# Advice needed on new office



## EMS Powerstar (Mar 16, 2012)

Hi all 

As a newly registered member I would like to say a quick hello by means of introducing myself. Our company manufacture the Powerstar voltage optimisation system (a unit that lowers the incoming voltage to a building to more accordingly match the electrical start up of appliances) that has had measurable success in Australia, and across the globe.


We are soon to be setting up an office in Melbourne, Australia and we are looking for advice on how to establish business partners within Melbourne and surrounding districts. Given the nature of our business, we are ideally looking for energy consultants who are familiar with the Australian energy network. If anyone could offer any advice on sourcing potential business partners within Australia it would be most appreciated.

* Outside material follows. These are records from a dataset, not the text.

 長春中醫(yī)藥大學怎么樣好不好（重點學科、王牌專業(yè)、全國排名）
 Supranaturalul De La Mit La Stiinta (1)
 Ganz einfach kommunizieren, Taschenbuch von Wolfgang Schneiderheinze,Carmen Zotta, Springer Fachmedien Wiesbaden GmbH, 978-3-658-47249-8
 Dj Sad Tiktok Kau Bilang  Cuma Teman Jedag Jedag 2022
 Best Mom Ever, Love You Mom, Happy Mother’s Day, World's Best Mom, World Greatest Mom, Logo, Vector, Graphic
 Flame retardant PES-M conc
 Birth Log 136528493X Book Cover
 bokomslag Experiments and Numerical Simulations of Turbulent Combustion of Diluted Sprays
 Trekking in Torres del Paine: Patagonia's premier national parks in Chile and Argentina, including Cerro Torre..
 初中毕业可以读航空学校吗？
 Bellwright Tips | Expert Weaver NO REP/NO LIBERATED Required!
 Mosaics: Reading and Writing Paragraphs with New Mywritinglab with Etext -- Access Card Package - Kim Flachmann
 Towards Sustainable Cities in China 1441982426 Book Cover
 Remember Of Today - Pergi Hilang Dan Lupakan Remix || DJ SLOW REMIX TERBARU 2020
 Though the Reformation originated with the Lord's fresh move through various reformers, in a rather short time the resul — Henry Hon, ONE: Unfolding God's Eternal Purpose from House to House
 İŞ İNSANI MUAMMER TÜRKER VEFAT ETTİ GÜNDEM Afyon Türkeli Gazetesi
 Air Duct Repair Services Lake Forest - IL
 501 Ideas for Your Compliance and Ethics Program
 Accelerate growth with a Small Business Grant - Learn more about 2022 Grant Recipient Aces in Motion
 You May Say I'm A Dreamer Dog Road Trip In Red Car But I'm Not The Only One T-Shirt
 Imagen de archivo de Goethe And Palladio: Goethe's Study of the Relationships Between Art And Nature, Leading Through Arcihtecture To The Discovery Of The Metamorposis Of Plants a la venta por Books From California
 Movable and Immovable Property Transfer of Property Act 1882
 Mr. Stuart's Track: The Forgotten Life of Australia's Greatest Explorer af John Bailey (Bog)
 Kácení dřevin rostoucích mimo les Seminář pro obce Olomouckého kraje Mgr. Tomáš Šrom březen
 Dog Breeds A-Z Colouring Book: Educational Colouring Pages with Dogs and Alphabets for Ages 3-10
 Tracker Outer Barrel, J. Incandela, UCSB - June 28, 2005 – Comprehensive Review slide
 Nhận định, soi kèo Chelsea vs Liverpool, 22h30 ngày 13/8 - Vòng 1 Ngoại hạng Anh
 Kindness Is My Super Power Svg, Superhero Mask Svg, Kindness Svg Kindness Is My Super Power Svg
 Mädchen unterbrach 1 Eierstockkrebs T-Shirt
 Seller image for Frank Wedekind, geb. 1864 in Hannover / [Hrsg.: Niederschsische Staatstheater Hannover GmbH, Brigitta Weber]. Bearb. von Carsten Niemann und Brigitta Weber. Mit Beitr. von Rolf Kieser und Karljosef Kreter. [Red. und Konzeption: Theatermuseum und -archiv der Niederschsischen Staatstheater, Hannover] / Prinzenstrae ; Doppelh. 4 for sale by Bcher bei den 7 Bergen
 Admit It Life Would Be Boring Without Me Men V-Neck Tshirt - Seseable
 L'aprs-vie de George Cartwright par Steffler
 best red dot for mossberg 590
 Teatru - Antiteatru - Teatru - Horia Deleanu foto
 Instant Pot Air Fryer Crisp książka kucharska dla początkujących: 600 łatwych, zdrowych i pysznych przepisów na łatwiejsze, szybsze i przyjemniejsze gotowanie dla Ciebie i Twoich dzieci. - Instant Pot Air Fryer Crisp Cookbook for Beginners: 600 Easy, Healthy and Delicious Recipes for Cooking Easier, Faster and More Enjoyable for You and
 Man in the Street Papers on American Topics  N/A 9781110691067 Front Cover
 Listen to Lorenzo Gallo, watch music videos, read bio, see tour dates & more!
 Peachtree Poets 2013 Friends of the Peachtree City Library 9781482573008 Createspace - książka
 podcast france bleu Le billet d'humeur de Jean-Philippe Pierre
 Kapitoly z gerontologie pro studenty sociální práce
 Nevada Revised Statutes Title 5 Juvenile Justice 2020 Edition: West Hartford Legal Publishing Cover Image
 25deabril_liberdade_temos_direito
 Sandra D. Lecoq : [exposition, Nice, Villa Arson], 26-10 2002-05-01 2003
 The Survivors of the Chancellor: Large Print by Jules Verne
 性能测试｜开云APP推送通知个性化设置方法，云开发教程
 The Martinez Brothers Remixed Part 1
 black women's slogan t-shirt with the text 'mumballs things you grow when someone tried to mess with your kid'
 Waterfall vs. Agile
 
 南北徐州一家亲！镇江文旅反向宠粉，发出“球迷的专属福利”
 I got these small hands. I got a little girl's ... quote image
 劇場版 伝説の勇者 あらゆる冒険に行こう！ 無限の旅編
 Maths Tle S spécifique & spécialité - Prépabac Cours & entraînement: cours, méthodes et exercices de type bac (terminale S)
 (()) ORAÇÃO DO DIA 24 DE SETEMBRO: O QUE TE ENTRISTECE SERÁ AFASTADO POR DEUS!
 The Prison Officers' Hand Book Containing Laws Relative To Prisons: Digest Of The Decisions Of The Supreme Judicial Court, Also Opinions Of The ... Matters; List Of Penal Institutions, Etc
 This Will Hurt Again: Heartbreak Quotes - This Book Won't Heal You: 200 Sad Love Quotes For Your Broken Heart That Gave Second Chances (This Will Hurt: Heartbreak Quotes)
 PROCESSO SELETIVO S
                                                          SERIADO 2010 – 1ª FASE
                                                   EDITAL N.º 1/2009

Replies and direct messages are gratefully welcomed.


Thanks guys


----------



## chifin (Sep 30, 2011)

If you're still setting up office or here already... Perhaps try "Jim's Electrical" or other such large franchise business as a distribution method. As they do residential house electrical work, they may take on board your product as a means of selling to their customer base. "Jim's" is an Australia winning franchise, now in every business sector you can imagine (eg. Mowing, fencing, etc).


----------



## EMS Powerstar (Mar 16, 2012)

Hi Chifin

Many thanks for your reply, we have now set up a fully registered office in Australia but we are still sourcing business partners so thank you for your suggestion. Although Jim's Electrical seems to focus on residential properties, hopefully they might be able to point us in the right direction.


----------



## tlpcorp (Sep 7, 2012)

You can use the social media on that very purpose. Any good social networking site can be of your immense help.


----------